Begitu inspektur mengangkat masalah itu, Batu tidak memiliki pilihan selain menelan amarahnya. “Beri aku sepuluh hari lagi. Hejian akan segera diambil.”
Komandan lainnya berkata, “Sebaiknya kau pulang ke bawah ketiak ibumu. Tolul kebetulan membutuhkan seseorang untuk mengurus kudanya. Borjigin, kau ini bisa bertarung atau tidak? Mengapa kau sama sekali tidak bisa menyelesaikan pertempuran, hah?”
“Kecuali jika kau ingin melawan Khitan dan Han pada saat yang bersamaan,” kata Batu, “kau harus menunggu!”
“Orang-orang Khitan tidak akan datang ke sini secepat itu,” kata seorang komandan batalion dengan hidung bengkok.
“Tawanan ini bisa mengerti apa yang kita katakan.” Batu berkata dengan dingin, “Kau akan dimintai pertanggungjawaban atas apa pun yang keluar dari mulutmu itu.”

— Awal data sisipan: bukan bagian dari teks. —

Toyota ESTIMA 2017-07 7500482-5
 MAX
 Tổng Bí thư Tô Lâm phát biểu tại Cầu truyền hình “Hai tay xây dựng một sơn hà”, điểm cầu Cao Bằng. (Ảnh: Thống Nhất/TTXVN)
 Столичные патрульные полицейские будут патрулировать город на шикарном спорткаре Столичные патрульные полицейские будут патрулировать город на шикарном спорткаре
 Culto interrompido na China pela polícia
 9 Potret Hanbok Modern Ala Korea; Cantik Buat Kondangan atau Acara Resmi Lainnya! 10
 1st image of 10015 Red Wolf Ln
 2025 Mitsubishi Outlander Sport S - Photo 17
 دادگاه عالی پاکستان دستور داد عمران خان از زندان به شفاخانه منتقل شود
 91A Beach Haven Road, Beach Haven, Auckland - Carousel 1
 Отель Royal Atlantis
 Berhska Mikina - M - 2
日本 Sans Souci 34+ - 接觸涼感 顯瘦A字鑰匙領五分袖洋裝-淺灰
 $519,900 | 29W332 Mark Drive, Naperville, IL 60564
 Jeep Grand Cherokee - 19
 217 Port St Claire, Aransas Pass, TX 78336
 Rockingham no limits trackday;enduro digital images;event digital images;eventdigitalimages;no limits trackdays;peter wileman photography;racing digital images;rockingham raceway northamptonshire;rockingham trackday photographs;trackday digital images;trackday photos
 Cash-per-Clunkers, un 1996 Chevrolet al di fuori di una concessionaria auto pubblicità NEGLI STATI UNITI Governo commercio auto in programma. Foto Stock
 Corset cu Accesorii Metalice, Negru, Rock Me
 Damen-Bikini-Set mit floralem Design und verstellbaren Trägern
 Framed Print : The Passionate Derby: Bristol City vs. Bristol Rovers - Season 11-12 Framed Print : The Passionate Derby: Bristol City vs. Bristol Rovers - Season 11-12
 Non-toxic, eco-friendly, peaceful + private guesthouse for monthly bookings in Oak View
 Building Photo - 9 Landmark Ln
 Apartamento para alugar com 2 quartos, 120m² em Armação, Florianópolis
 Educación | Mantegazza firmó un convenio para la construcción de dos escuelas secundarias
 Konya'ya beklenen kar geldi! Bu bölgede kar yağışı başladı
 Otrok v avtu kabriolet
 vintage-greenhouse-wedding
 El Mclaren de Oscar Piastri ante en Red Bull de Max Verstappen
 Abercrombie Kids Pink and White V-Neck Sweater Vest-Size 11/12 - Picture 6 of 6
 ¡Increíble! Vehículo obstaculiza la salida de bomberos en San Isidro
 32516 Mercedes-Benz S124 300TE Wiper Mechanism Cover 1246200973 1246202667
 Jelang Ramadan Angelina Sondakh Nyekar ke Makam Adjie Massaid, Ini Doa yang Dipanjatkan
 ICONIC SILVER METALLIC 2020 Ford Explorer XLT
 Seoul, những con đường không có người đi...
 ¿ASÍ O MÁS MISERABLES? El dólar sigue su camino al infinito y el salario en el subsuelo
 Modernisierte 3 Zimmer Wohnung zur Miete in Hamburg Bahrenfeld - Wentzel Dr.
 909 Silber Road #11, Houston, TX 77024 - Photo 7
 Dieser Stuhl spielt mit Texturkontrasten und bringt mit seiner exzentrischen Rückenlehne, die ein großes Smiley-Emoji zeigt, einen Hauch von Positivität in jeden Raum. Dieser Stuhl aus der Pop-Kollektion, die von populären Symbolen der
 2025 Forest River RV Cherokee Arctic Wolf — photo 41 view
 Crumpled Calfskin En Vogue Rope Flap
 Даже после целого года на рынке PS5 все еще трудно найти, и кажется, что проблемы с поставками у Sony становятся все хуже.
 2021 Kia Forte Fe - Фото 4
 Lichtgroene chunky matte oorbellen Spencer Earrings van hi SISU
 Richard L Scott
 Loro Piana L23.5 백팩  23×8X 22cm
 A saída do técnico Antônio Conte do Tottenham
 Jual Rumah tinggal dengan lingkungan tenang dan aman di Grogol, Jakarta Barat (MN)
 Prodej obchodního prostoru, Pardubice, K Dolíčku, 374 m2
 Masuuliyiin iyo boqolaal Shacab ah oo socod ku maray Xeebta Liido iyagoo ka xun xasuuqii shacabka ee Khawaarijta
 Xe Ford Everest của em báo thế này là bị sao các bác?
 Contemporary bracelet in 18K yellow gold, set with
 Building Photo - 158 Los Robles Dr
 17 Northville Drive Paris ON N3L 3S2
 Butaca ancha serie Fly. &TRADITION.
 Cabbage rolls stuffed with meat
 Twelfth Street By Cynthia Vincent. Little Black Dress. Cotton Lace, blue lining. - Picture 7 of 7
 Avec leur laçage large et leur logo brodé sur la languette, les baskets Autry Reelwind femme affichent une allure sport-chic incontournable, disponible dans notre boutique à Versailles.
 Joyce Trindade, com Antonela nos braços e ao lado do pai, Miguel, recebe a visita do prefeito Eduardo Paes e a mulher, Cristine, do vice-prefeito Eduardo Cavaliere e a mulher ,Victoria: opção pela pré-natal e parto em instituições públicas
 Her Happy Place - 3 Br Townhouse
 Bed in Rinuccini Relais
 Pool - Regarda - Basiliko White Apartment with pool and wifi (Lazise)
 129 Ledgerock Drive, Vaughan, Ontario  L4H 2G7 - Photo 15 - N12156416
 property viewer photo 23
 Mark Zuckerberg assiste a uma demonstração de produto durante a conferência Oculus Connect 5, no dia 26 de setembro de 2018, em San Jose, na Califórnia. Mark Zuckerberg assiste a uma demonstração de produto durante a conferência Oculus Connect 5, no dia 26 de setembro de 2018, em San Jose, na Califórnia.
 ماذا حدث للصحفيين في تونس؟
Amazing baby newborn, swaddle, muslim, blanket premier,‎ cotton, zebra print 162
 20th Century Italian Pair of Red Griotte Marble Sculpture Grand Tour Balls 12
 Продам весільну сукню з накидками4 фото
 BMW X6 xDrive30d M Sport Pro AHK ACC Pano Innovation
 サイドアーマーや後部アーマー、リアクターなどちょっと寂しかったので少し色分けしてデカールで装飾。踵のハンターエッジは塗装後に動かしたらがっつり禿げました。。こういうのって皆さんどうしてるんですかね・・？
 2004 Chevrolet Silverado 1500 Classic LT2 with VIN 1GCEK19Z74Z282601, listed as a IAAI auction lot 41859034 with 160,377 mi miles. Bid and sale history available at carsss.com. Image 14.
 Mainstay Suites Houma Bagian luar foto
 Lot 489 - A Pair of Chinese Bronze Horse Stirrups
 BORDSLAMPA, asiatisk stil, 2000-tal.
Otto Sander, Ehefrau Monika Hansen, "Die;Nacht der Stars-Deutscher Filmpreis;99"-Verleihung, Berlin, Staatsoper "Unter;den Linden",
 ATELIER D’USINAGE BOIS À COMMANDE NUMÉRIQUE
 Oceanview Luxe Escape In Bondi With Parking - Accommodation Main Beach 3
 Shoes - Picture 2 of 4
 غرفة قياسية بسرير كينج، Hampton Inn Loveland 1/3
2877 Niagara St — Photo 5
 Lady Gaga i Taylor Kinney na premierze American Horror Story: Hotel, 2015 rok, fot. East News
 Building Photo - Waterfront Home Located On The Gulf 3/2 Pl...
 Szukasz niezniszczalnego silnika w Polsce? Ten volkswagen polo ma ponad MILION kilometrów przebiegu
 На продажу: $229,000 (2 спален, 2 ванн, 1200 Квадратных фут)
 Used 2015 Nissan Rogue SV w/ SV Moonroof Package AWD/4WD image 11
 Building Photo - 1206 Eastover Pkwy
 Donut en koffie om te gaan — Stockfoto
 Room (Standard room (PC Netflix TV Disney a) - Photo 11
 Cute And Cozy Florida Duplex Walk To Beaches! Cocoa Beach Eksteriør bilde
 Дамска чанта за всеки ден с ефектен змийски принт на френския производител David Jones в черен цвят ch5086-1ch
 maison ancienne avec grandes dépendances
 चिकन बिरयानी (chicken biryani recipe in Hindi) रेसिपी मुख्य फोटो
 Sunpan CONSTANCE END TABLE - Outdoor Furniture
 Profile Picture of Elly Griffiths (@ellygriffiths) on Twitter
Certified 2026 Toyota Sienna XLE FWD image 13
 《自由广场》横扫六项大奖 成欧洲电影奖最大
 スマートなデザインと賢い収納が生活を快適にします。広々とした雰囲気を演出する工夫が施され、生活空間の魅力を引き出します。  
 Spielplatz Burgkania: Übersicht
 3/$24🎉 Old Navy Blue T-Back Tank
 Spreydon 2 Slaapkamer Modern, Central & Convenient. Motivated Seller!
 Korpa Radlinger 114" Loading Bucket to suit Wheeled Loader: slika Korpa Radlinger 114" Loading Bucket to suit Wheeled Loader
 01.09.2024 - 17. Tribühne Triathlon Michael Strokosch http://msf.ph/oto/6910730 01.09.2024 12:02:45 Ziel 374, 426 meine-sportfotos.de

Duan Ling mencoba mencari tahu kekuatan pasukan Mongol. Ada lima komandan batalion yang masing-masing bertanggung jawab atas seribu orang, yang berarti hanya lima batalion dari seribu yang menyeberang ke wilayah Chen. Apakah ada kekuatan utama juga? Apa arti dari hal-hal yang dikatakan pria berhidung bengkok itu sebelumnya? Saat dia memikirkan ini, dia tidak pernah menyangka Batu akan mengatakan hal seperti itu; semua orang mengalihkan pandangan mereka ke Duan Ling. Inspektur prajurit menarik pedangnya dan melemparkannya ke lantai.
“Bunuh dia sekarang juga,” kata inspektur. “Aku mengatakan demikian.”
“Kita tidak bisa membunuhnya.” Batu berkata, “Aku mempertahankannya karena dia berguna.”
“Memangnya siapa dia?” Inspektur bertanya.
“Dia… memiliki informasi tentang Han. Bagaimanapun, dia berguna. Kita tidak bisa membunuhnya.”
Ketika Batu selesai berbicara, dia mengambil pedang dari lantai dan memutarnya di udara sebelum dengan santai menancapkannya ke meja di depan inspektur prajurit. “Setelah sepuluh hari berlalu, belum terlambat bagimu untuk membawanya pergi jika aku masih belum mengambil Ye pada saat itu. Aku pergi.”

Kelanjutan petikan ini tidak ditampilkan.